During an interview on 4/12/2022 at 11:31 AM, Nurse Practitioner #2 stated, "...We want to get meds [medications] reconciled as soon as possible...typically it's the attending physician's responsibility [to reconcile home medications]...we [medical team] defer to psychiatry unless consulted specifically for medications...and pain medications..."
During a phone interview on 4/12/2022 at 12:07 PM, Nurse Practitioner #1 stated, "...We [medical team] are a consultant...Psychiatry is the attending...I got an email from [Physician #1]...clarified out role that it's not our responsibility to restart home meds...it's the responsibility of the attending physician..."
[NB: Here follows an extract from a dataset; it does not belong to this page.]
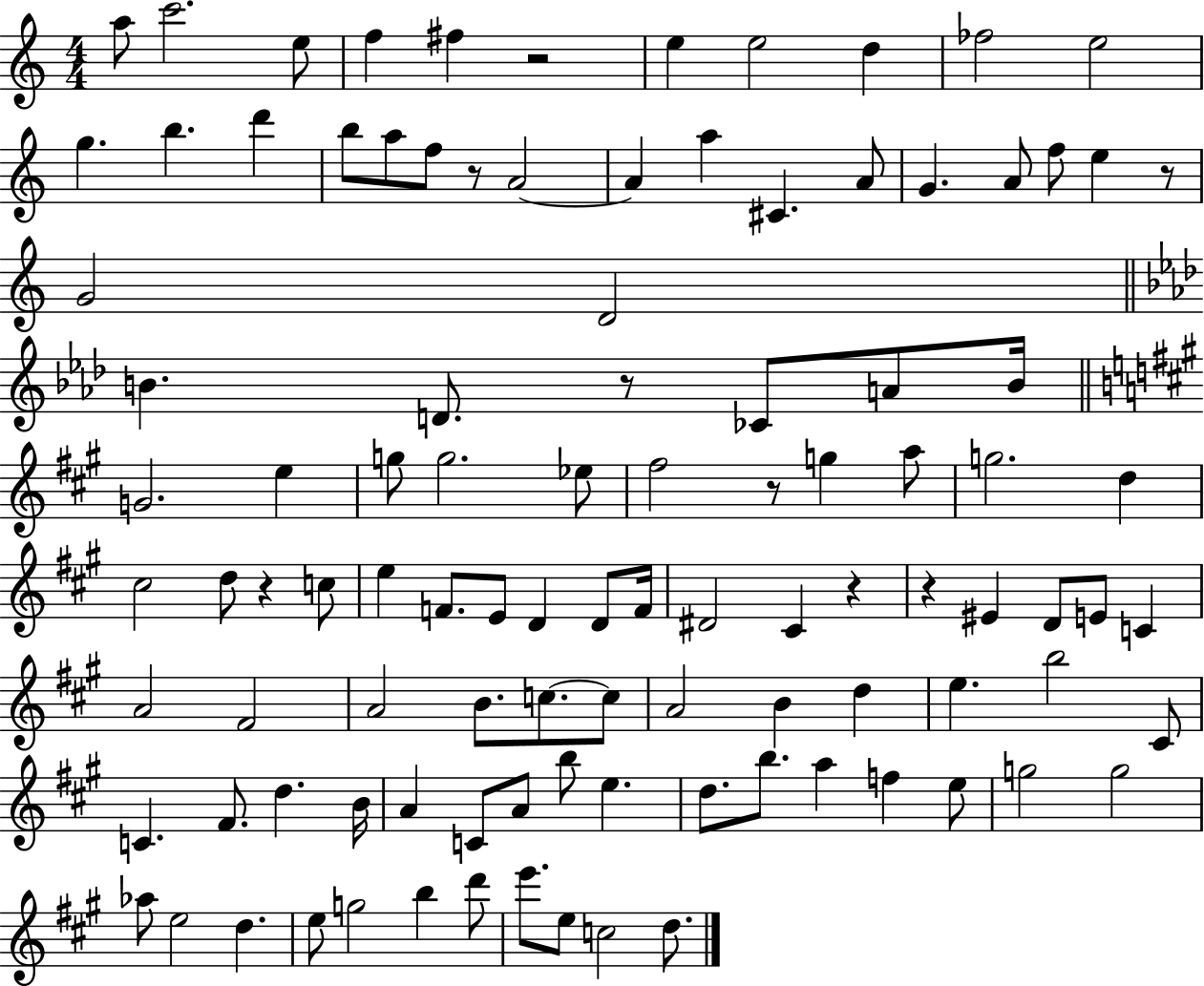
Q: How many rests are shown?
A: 8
During an interview on 4/13/2022 at 9:26 AM, Psychiatrist #1 stated she would look at a patient's home medication on the computer in a specific program, but then have to go to another program to order what medications she wanted. Psychiatrist #1 stated she was unable to check the medications on the home medication list in the computer to continue, discontinue, or hold the medication. Psychiatrist #1 stated she decided not to restart Patient #1's Wellbutrin because it was an activating antidepressant. Psychiatrist #1 stated she did not check the Wellbutrin in the computer to discontinue the medication. Psychiatrist #1 stated the medical team managed the patient's medications for rheumatoid arthritis. Psychiatrist #1 stated she spoke with the Medical Director of Psychiatry about the delay in restarting the medications. Psychiatrist #1 stated she received an email informing her that it was the responsibility of psychiatry to restart all home medications.
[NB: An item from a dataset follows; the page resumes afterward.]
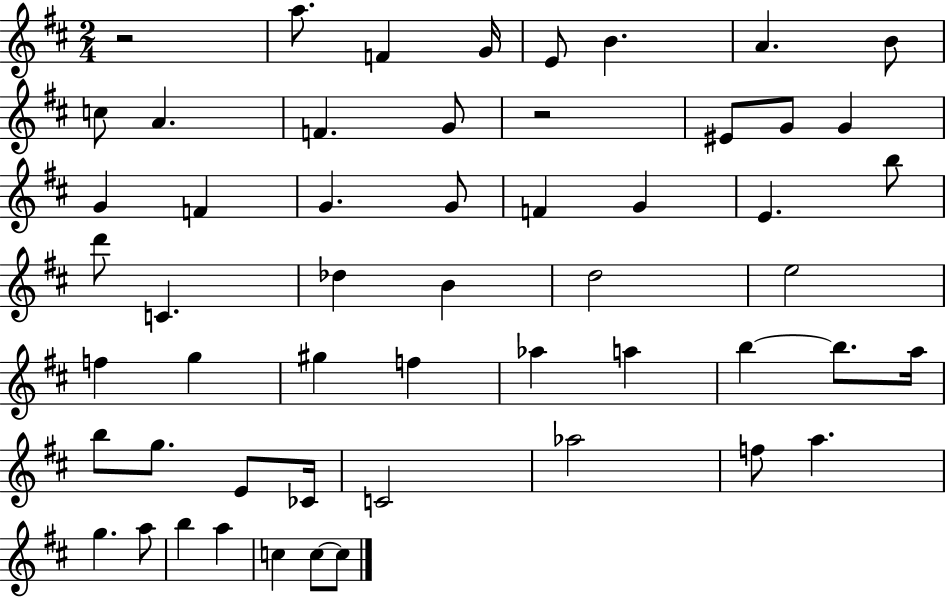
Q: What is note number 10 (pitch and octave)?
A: F4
During a phone interview on 4/13/2022 at 10:29 AM, Nurse Practitioner #3 stated it was ultimately the responsibility of the psychiatry attending physician to reconcile a patient's home medications.
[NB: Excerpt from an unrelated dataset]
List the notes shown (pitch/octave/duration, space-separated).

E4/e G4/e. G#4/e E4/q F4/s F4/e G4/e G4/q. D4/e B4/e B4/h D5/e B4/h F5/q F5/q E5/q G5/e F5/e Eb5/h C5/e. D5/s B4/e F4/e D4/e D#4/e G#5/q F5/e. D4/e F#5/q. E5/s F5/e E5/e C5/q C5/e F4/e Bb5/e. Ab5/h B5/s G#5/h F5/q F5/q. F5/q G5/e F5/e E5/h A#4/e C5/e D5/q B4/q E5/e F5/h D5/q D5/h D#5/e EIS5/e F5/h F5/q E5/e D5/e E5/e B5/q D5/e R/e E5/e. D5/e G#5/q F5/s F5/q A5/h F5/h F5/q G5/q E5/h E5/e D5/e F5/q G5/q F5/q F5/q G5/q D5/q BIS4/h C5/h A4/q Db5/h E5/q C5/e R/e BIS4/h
During an interview on 4/13/2022 at 10:46 AM, the Medical Director of Psychiatry stated it was the responsibility of the attending physician (psychiatry) to continue or discontinue home medications. The Medical Director of Psychiatry stated they were in process of reviewing this case. The Medical Director of Psychiatry stated the first concern recognized was medications that needed to be continued were not for Patient #1.